▶ **TASK GOAL**
Retype, without changes, every line from the line that contains "this 640×480 image." through the final line of the records. Exclude pictures.

[Data excerpts]
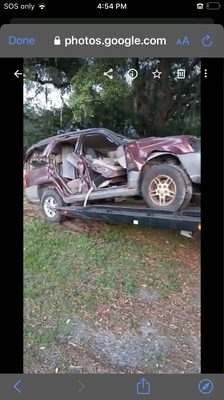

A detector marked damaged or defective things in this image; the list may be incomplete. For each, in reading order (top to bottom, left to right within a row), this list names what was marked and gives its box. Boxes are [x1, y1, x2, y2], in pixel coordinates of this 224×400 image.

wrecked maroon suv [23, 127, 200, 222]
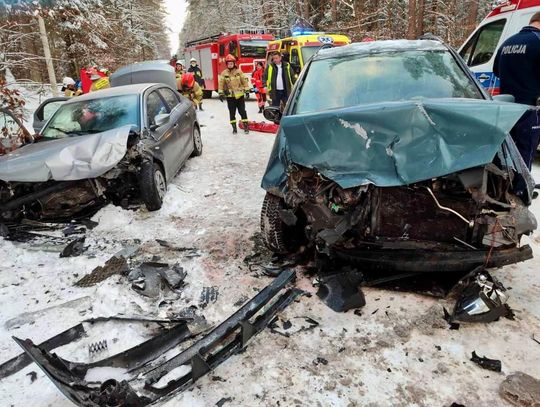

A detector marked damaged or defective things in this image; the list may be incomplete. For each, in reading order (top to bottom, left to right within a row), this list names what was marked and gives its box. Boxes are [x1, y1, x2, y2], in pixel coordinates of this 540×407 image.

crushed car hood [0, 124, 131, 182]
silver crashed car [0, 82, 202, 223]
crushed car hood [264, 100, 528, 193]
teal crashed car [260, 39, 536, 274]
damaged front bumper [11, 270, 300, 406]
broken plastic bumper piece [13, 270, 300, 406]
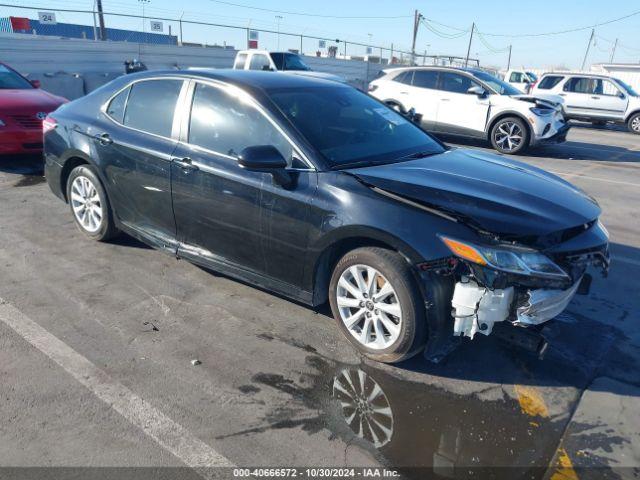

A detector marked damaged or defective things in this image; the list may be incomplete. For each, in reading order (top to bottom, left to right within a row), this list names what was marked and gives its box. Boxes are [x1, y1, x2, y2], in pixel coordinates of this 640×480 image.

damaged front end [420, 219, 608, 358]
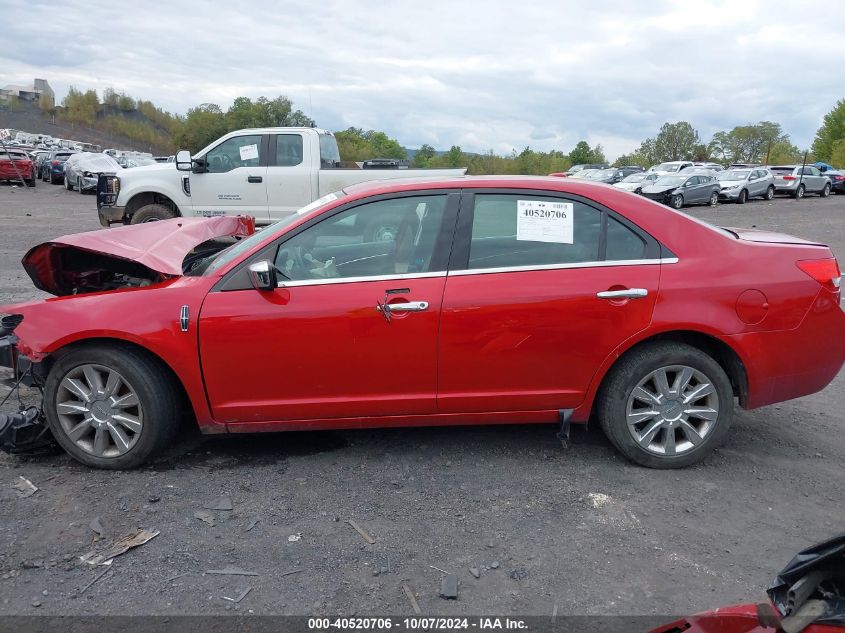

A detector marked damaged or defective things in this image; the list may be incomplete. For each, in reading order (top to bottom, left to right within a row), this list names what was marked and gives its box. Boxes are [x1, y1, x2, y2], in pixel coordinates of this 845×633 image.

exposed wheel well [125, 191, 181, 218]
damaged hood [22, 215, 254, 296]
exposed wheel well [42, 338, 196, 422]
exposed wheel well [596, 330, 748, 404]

▶ **ANSWER TO THIS TASK**
A detector marked damaged or defective things in this image; the list may be incomplete. For each, in reading order (top to bottom, left to right within a row), this list names what was marked and gives its box. Boxes are [x1, y1, x2, y2], in pixel coordinates of this 640×480 image.

damaged front end [420, 219, 608, 358]

A detector marked damaged or defective things in this image; the list may be incomplete. For each, in reading order (top to bottom, left to right within a row), this list names what was marked and gives its box. Boxes are [x1, y1, x2, y2], in pixel coordinates of this 845×633 image.

exposed wheel well [125, 191, 181, 218]
damaged hood [22, 215, 254, 296]
exposed wheel well [42, 338, 196, 422]
exposed wheel well [596, 330, 748, 404]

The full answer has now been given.